= What you should do =
Taking the listing below, restate word for word each line from the line with "Search for benjamin mousepads School" to the line with "Cute 3 Bedroom", ends included, and stop there.

= The input =
>>>

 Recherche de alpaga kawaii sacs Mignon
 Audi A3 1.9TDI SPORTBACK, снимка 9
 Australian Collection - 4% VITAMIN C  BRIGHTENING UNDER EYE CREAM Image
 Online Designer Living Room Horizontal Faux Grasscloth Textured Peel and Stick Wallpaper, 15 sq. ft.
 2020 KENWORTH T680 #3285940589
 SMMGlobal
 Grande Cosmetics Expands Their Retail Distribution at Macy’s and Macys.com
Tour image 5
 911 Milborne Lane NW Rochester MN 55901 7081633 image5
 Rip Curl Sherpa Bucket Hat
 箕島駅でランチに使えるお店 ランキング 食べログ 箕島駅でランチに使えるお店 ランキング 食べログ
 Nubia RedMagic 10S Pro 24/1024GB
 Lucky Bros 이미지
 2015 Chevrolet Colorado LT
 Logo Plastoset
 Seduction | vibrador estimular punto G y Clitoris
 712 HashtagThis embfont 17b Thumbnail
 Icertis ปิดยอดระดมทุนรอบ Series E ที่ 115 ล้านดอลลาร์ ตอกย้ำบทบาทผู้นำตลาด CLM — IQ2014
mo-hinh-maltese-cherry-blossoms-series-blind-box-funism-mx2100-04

<<<
>>>

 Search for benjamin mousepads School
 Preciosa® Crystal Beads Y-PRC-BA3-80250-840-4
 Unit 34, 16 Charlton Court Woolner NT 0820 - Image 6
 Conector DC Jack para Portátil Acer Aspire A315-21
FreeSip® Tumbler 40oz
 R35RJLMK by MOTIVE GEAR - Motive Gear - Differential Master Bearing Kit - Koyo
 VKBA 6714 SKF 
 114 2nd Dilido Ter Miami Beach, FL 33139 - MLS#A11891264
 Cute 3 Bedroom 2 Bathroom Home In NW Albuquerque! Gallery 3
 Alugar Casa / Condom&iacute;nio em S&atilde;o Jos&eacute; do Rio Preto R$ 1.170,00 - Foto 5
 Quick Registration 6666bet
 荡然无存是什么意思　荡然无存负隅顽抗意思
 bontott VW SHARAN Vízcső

<<<
>>>

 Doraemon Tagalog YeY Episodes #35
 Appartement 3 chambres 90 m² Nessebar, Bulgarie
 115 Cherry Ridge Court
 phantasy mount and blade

<<<

= Result of the task =
 Search for benjamin mousepads School
 Preciosa® Crystal Beads Y-PRC-BA3-80250-840-4
 Unit 34, 16 Charlton Court Woolner NT 0820 - Image 6
 Conector DC Jack para Portátil Acer Aspire A315-21
FreeSip® Tumbler 40oz
 R35RJLMK by MOTIVE GEAR - Motive Gear - Differential Master Bearing Kit - Koyo
 VKBA 6714 SKF 
 114 2nd Dilido Ter Miami Beach, FL 33139 - MLS#A11891264
 Cute 3 Bedroom 2 Bathroom Home In NW Albuquerque! Gallery 3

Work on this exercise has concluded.